De Soto begins from the premise that all people want the same basic things: life, liberty and property, and they seek all three in whatever living circumstances in which they find themselves. In Mexico, for example, he pointed out in his Cato address upon receiving the Milton Friedman Prize for Advancing Liberty, that "80 percent of the population is in the extralegal (underground) economy, where they own some 6 million businesses, 134 million hectares and 11 million buildings, totaling a value of $315 billion - seven times the size of Mexican oil reserves and 29 times the size of all foreign direct investments since Spain left.

In Egypt, the poor own 92 percent of all the buildings and 88 percent of all the enterprises outside the law - equivalent to 35 times the size of the Cairo Stock Exchange and 55 times the value of all foreign direct investment in Egypt since Napoleon left." All told, "the total value of the real estate held but not legally owned by the poor of the third world and former communist nations is at least $9.3 trillion."

De Soto has received numerous awards, including the Freedom Prize (Switzerland), The Fisher Prize (United Kingdom), The Templeton Freedom Prize (United States) and most recently The Milton Friedman Prize for Advancing Liberty (United States), and I feel he is a worthy candidate for the Nobel Prize.

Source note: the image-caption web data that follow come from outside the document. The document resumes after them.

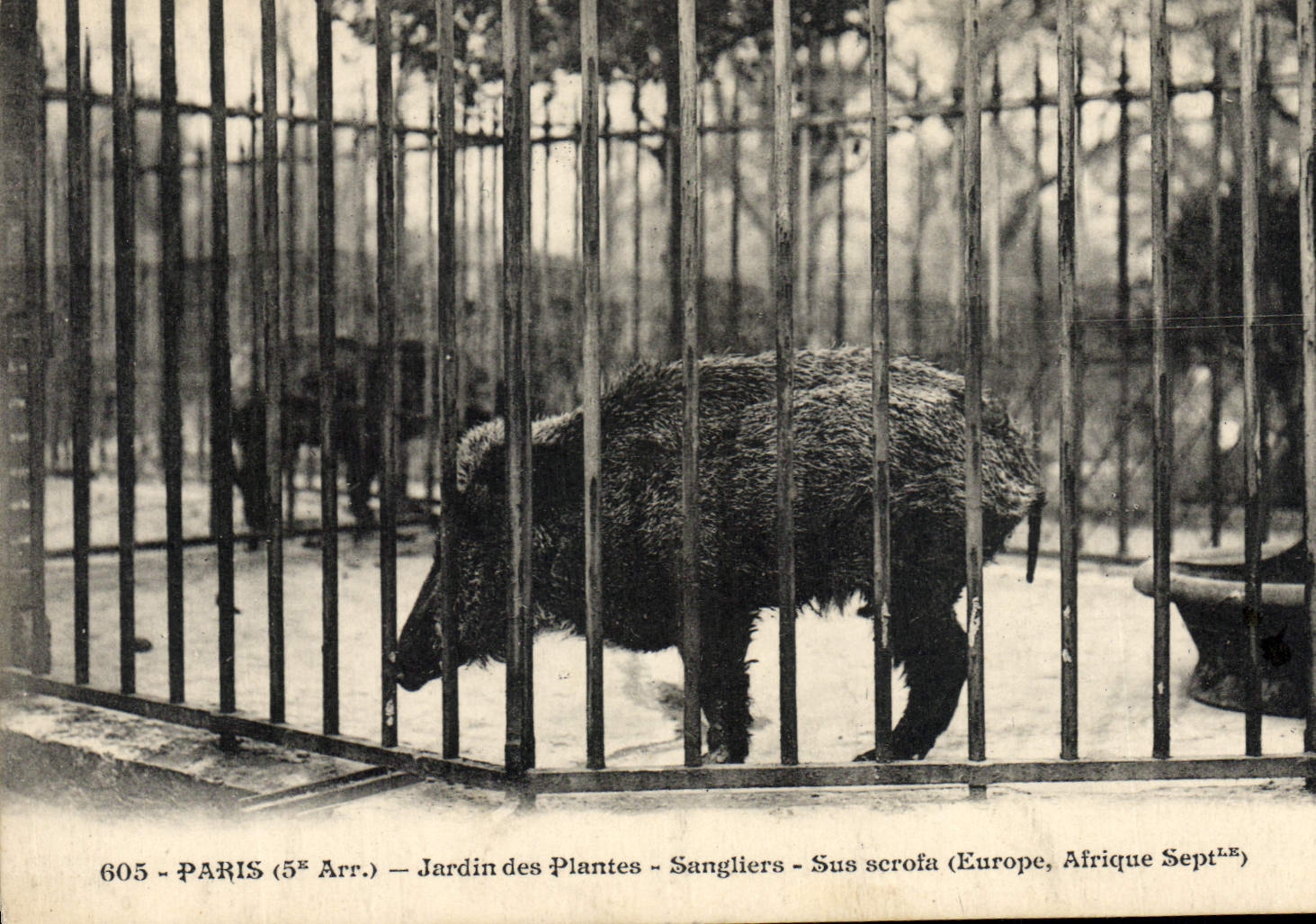 CPA Zoo Paris Jardin des plantes sangliers Sus scrofa Afrique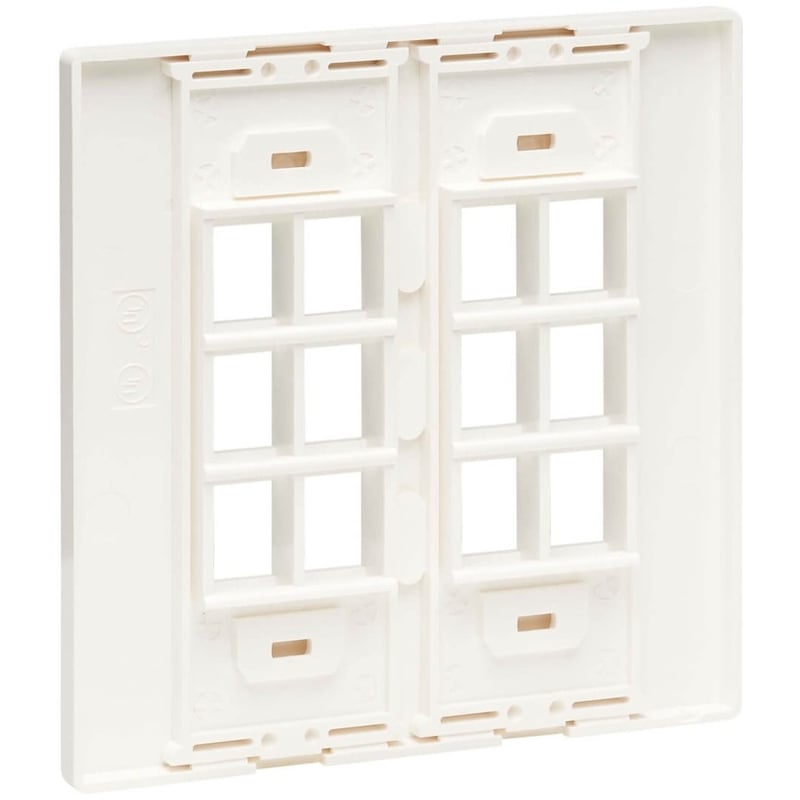 Tripp Lite by Eaton Keystone Wall Plate 12Port Cat5e/Cat6/Cat6a USB HDMI DisplayPort - Thumbnail 2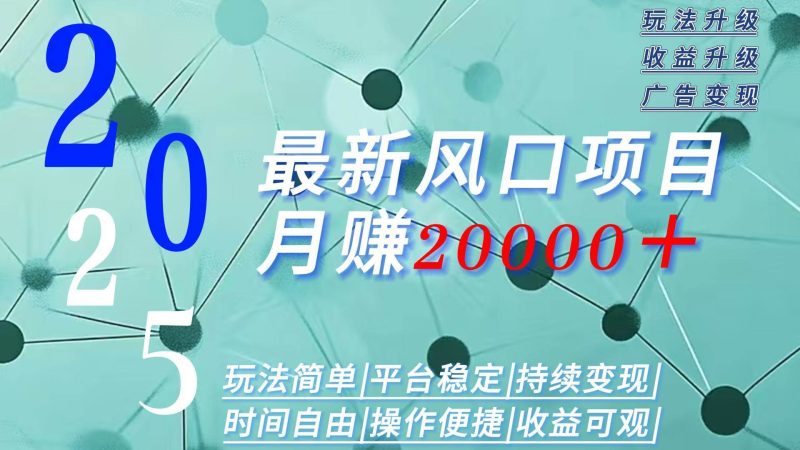 (15694期)2025广告赛道新风口-月赚2W+玩法简单,时间自由-韬哥副业项目资源网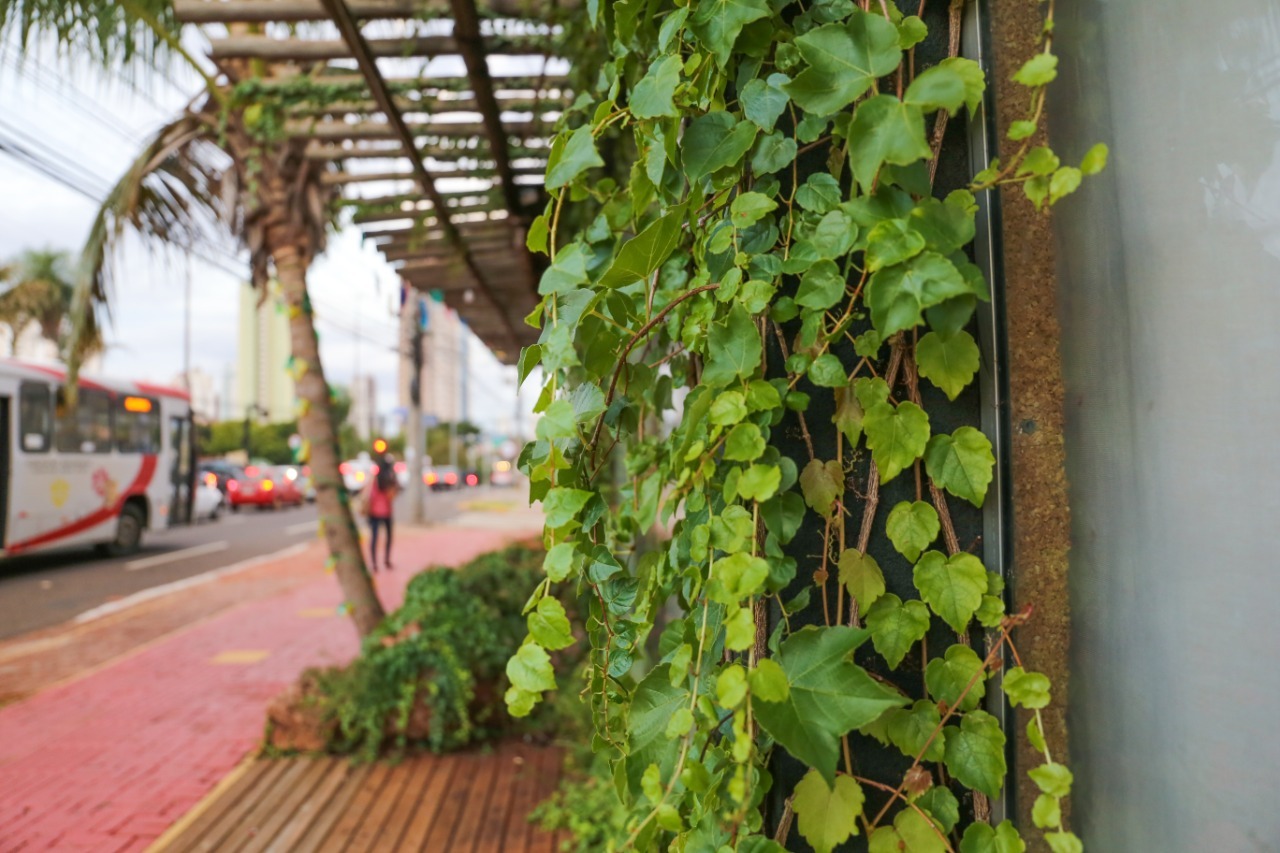 jardim vertical muro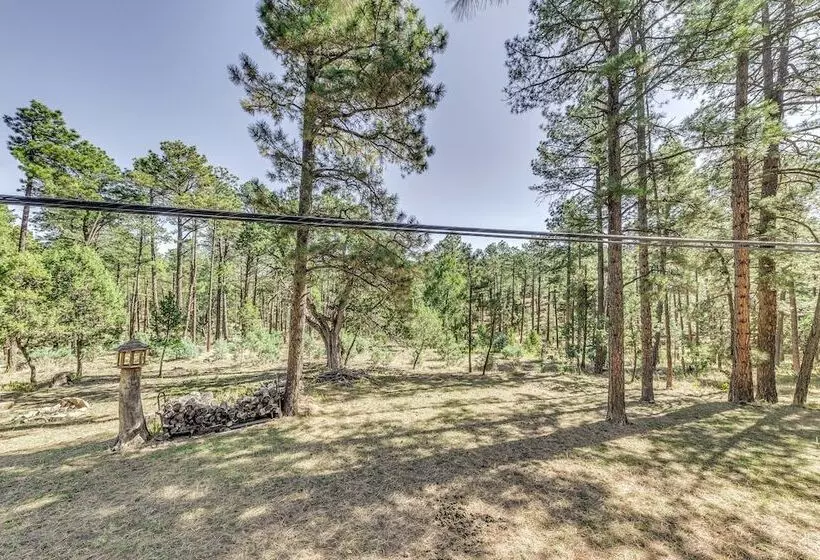 Rustic Alto Retreat   Near Hiking, Skiing & More!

This week the president lays out his vision for Iraq's going forward. If we are to convert the situation in Iraq and Afghanistan back to one of hope and optimism, there needs to be an approach like the bipartisan effort I have been working on with de Soto for Egypt, only expanded to the entire region from Central Asia to the Middle East - a 21st century Marshall Plan, a plan which we, along with Reps. Jim Turner, D-Texas, and Jane Harman, D-Calif., hope to present to Congress and the White House on June 15. In this endeavor I think he would be wise to seek out the counsel of de Soto because he knows all too well that in order to prevent terrorism from arising again or spreading, force must be leavened with enlightened policies to give people hope of a better life and a democratic future.

De Soto believes the way to breathe life into dormant saving and latent intellectual potential, which will bring the underground economy to the surface, is to construct a legal framework that protects individual property rights, enforces contracts, defines and records deeds, patents and copyrights in a systematic manner, and establishes a rule of law and a system of civil courts to, in De Soto's words, unleash the "capacity of property to reveal the capital that is latent in the assets we accumulate."

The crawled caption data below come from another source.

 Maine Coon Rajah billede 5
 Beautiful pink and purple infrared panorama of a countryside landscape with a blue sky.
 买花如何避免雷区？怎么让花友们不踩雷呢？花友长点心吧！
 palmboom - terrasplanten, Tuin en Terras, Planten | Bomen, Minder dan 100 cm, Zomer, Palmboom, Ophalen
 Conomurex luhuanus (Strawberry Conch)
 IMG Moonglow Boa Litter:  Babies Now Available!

De Soto describes the process by which inanimate saving in the West is transformed into living capital: "The single most important source of funds for new businesses in the United States is a mortgage on the entrepreneur's house.
These assets can also provide a link to the owner's credit history, an accountable address for the collection of debt and taxes, the basis for the creation of reliable and universal public utilities, and a foundation for the creation of securities (like mortgage-backed bonds) that can then be rediscounted and sold in the secondary markets."

If the Nobel Prize committee wants to award the prize to someone who is working to bring hope to those in despair, they should seriously consider De Soto for the Noble Peace Prize.